SEA SONGS.

Considering that Great Britain is an island, that immense numbers of the inhabitants live in seaports, that the sea is within at hour or two of the metropolis, that there is always an abundance of sailors “knocking about” ashore, and that pretty nearly all our wealth as a nation is owing to our seamen and our shipping, it must be owned that many of those notions of Jack and his life ashore and at sea which may be found among the greatest maritime people on the face of the earth, are in the highest degree extraordinary. Is it possible that the sailor is still supposed to have nothing to do at sea but to sit down with a pipe in his mouth and let the wind blow him along? Are there people yet living who imagine that on Saturday nights at sea cans of grog are handed about, roaring nautical songs sung, and wives and sweethearts toasted? Is it even in this day of steamboats believed that a sailor cannot express himself without loading his language with marine terms; that he cannot speak of “walking,” but of “steering;” that the right-hand side ashore is the “starboard;” and that he cannot step backwards without making “sternway”?

Where do these highly nautical fellows live when they are at home? I never have the luck to come across them. In some seaports you may still see here and there, over a public-house, the sign of the Jolly Tar: a figure in flowing breeches, tarpaulin hat on “nine hairs,” a bottle of grog in one hand, and a great red nose, set in the midst of a shining face. Who was the original of that fellow? He is not a man-of-war’s man, and most certainly he is not a merchantman. I take it that he is nothing more nor less than the embodiment of the landsman’s notion of the sailor obtained to a large extent from marine novels, but mainly from the English sea songs. You might walk the whole of Great Britain over without meeting with the counterpart of that effigy, unless it lay in some turnpike impostor who gets a living by swearing he has been shipwrecked. If the merchant seaman is to be typified, he must not be dressed in loose breeches and an open-breasted shirt. If his language is to be imitated, it must not altogether consist of “hard-a-lee” and “haul the bowline.” And if his life at sea is to be pictured, one must drop all reference to cans of grog, and have nothing whatever to say about Saturday nights and sweethearts and wives.
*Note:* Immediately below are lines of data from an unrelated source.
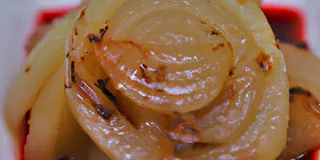 Receita Cebola Caramelizada - Uma explosão de sabor!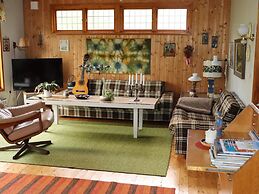 5 Star Holiday Home in Knared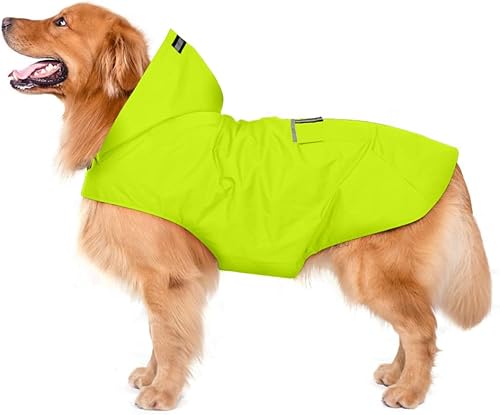 Ropa Impermeable para Perros - Comecan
But how can landsmen be ridiculed for their absurd ideas of the sailor when for years and years writers who profess to know all about him have persisted in reproducing the same stereotyped likeness—the same drunken, singing, good-humoured, sprawling mountebank, shouting out for more grog, bawling inane verses about his Poll and his Sue, clamouring the purest “slush” about the Union Jack, and talking inconceivable nonsense about topgallants and handspikes? Of course the likeness is accepted by those who know no better, and songs are sung about Jack which no sailor can listen to without astonishment that ignorance so profound should be also so widespread. I remember a man who was much applauded in his day as a singer of nautical ballads, saying to me, “To-morrow I have to sing ‘Tom Tough,’ by desire. Can you tell me, sir, what attitude I ought to adopt when I come to—

‘So I seiz’d the capstan bar,
Like a true, honest tar,
And in spite of tears and sighs,
Sung yo, heave ho’?

Do I pull or do I push, sir?”

What did it matter? Whether he pulled or whether he pushed would have been all the same to his audience. Who but a sailor at a concert would notice that a vocalist thought it all right when he roared out—

“And at the bosun’s call,
We man the poop downhaul,
And furl the main jibboom, lads,
So, boys, so”?

Apparently, let the words employed be as nonsensical as they will, so long as there is plenty of “yohing” and “heaving” and “so-hoing,” the song is accepted as extremely nautical and peculiarly expressive of the free and open character of the sailor.

I was once in a house much frequented by seamen, when there entered the room in which I was sitting an elderly man of a somewhat sour cast of countenance, dressed—not, believe me, in that flowing rig in which all kinds of sailors are popularly supposed to go clad—but in plain black cloth and an unstarched, striped cotton shirt, with a cravat round a stand-up collar. He had the look of a man who had been at sea all his life, and consequently no marine exterior could be less suggestive than his of “So-ho’s” and “Heave ho’s,” and “Pull aways.” He called for half a pint of ale, and filled his pipe, and sat smoking and listening to a conversation between two men relative to a collision in which the vessel they had recently left was concerned. By-and-by he began to grope in his pockets, and presently produced some sheets of songs, which he held out at arm’s length the better to inspect the highly marine figure who, in sailor’s shirt and jacket, with straddled legs, immense belt, and lifted hand, embellished the titlepage of the cheap collection. He took a long look at this striking figure, frequently removing his pipe to expectorate, and then very leisurely began to examine the songs.